(Caption-style text data)
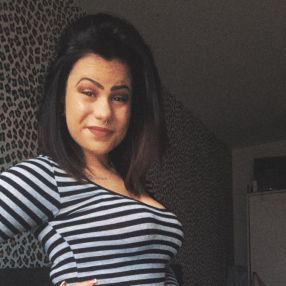 Lucia Victoria, Babysitter in Delitzsch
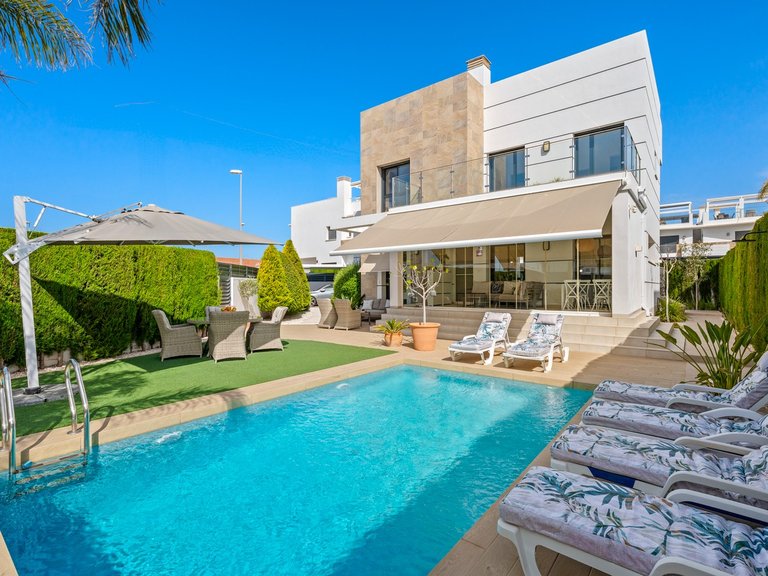 Villa for Sale in Ciudad Quesada, Alicante 1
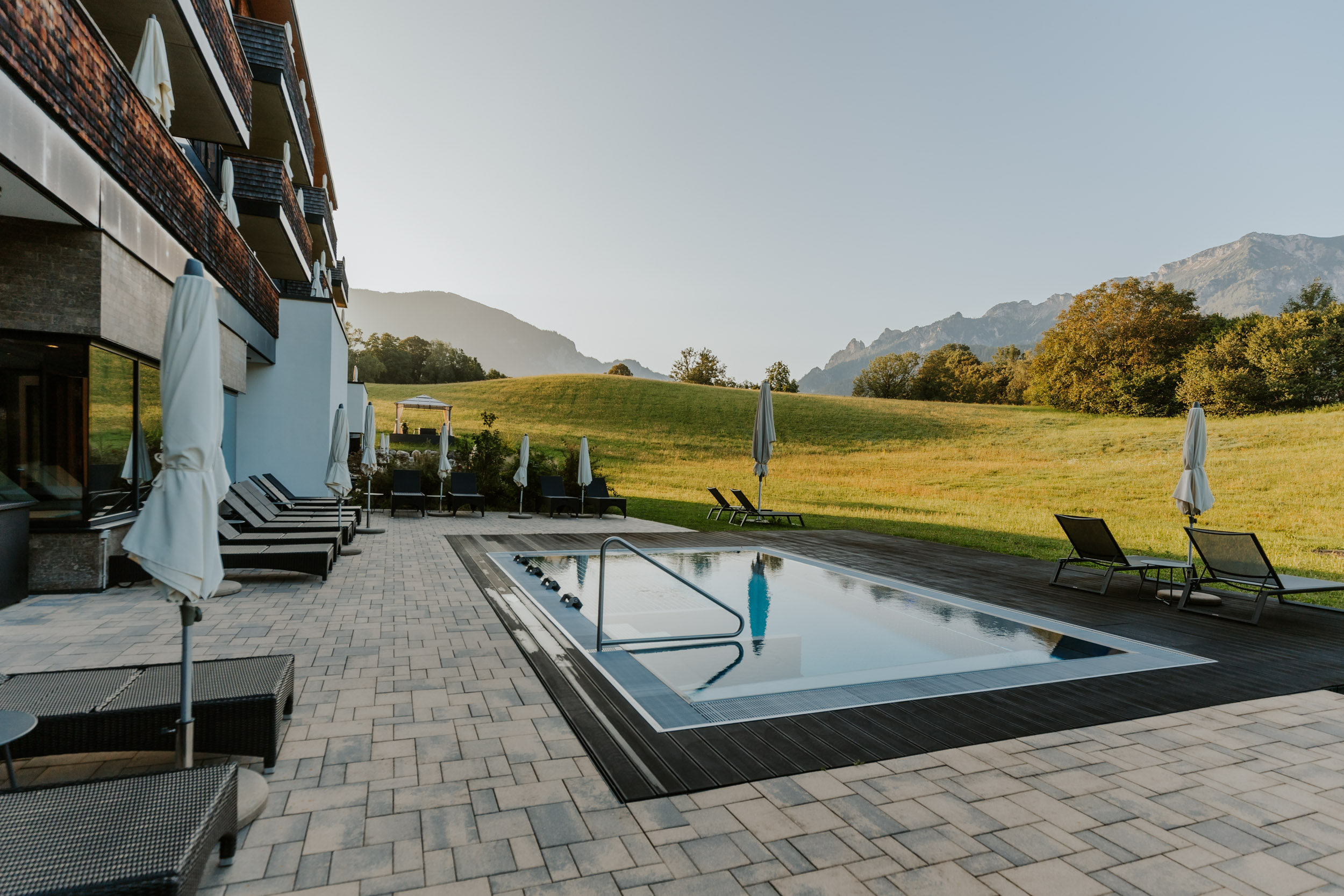 Summer atmosphere by the pool at the sustainable wellness hotel Klosterhof – Alpine Hideaway & Spa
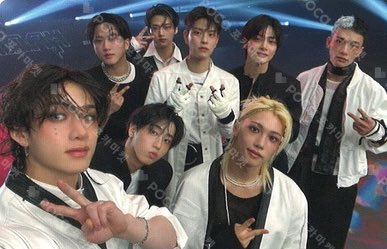 sepertinya card holder, kartu flazz, dan pc skz ku ilang 😭💔

siapa tau ada yang menemukan dan nyimpenin : card holder kuning + photocard stray kids + kartu flazz 
terakhir aku pakai buat naik tj rute 1E 

jujur isi flazznya ga banyak juga… 10rb kayaknya terakhir cek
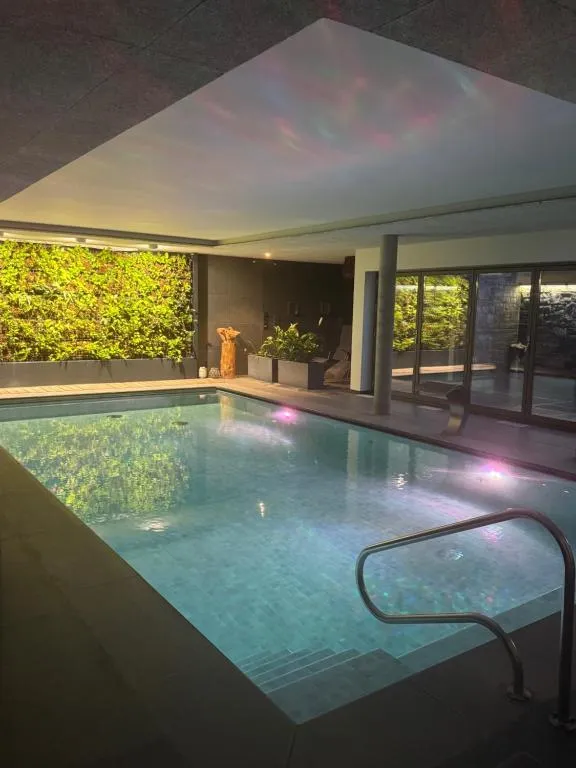 Hôtel WELLNESS EAU DE ROCHE Durbuy，位于杜柏的酒店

- Work required: Using the data above, tally the lines that contain the string "terakhir" and state only the result.

- Answer box: 2